SANTA ANA, Calif.—A Southern California couple could face a murder charge over a road rage shooting that killed a six-year-old boy last month on a freeway, authorities said.
Marcus Anthony Eriz, 24, and Wynne Lee, 23, were expected to be arraigned Tuesday in the death of Aiden Leos, who was shot as his mother drove him to kindergarten on May 21 in Orange County, southeast of Los Angeles.
According to accounts from the mother and witnesses who stopped to help her, another car cut her off and she responded with a hand gesture and the car slipped in behind her and someone inside fired a shot through the rear of her car.
California Highway Patrol officials have said that the road rage violence stemmed from “a perceived unsafe lane change.”
Highway patrol Capt. Mike Harris said Monday that he spoke to Aiden’s mother about the arrests.
“I FaceTimed her,” he said. “I let her know what had taken place. She was very emotional.”
Eriz and Lee, who were living together as boyfriend and girlfriend, were arrested Sunday in Costa Mesa in Orange County. Authorities found a gun and car believed to have been used in the shooting but they weren’t at the arrest site, highway patrol Assistant Chief Don Goodbrand told reporters Monday.
Eriz and Lee were jailed for lack of $1 million bail each and it was not immediately clear whether they had attorneys to speak for them.
At least $500,000 in rewards had been offered from around the United States for information leading to an arrest in the case, authorities said.

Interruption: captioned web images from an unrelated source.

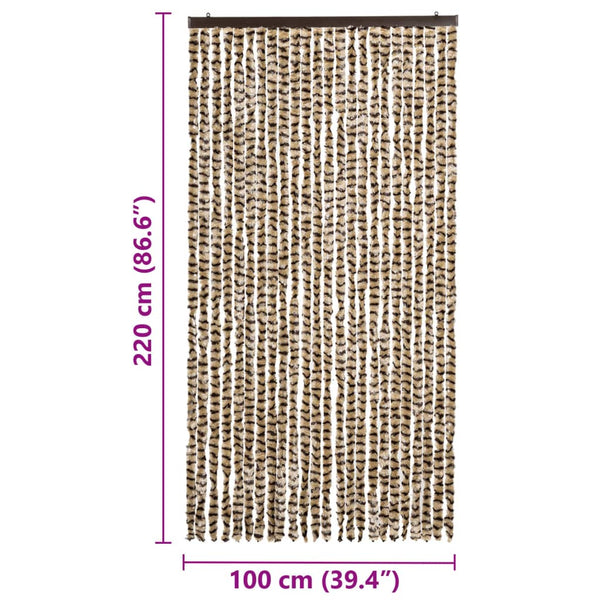 vidaXL Insect Screen Curtain Beige and Brown 100x220 cm Chenille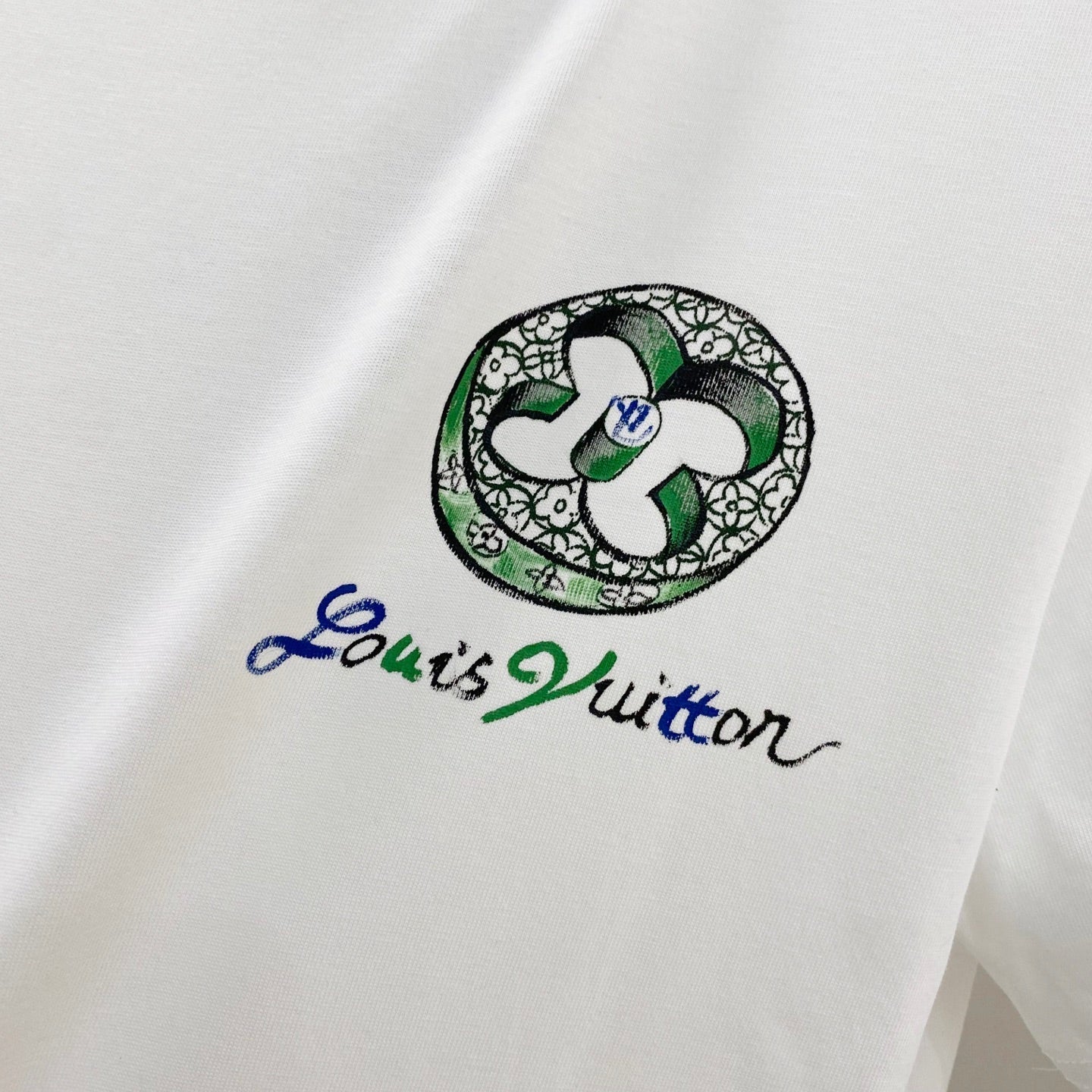 LOUIS VUITTON LV T-SHIRT WHITE COTTON HAND-PAINTED LOGO 238851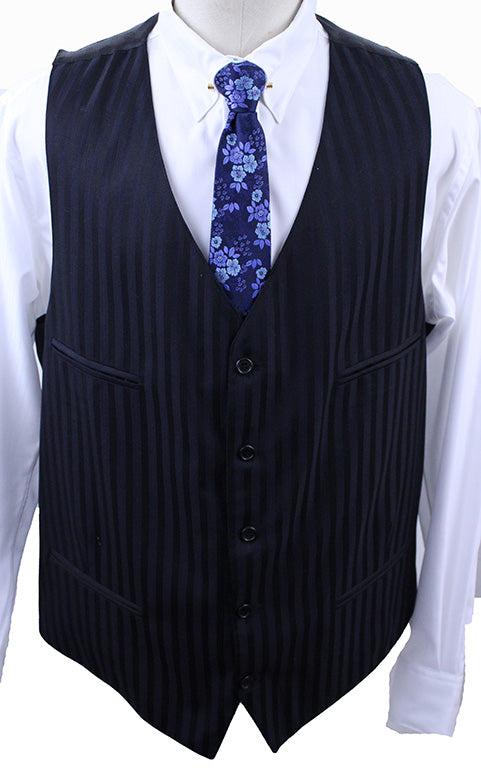 Vest Becker Brothers Men's Navy and Black Shadow Stripe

“We had hundreds of tips from the public, it was extremely helpful,” Goodbrand said, declining to discuss more details about the reward money.
The car, which authorities described as a white Volkswagen Golf SportWagen, was relatively rare and that helped investigators who examined surveillance footage, Goodbrand said.
Lee was believed to be driving the car and Eriz was in the front seat and is suspected to be the gunman, said county District Attorney Todd Spitzer, who held up a photograph of Aiden at a news conference.
Spitzer said charges being considered included murder “for doing a reckless act” that results in death and shooting into an occupied vehicle, which carries a possible sentence of seven years in state prison but with sentencing enhancements could bring 25 years to life.
Spitzer said the little boy killed doing what so many do every day—ride on the freeways—gripped Orange County, population about 3 million.
“It’s because it could have happened to any one of us,” he said.
“We’ve all gotten upset at other motorists, other motorists have been upset at us,” Spitzer said. “I’ve thrown some gestures about myself. But it’s never come to a situation of violence and certainly not in my realm or your realm to the loss of a life.”
Spitzer noted that the boy was buried by the family only hours before he held his news conference.
“I do want to promise today, when Aiden was put below ground, that we will get justice for him,” Spitzer said. “We have to promise him that.”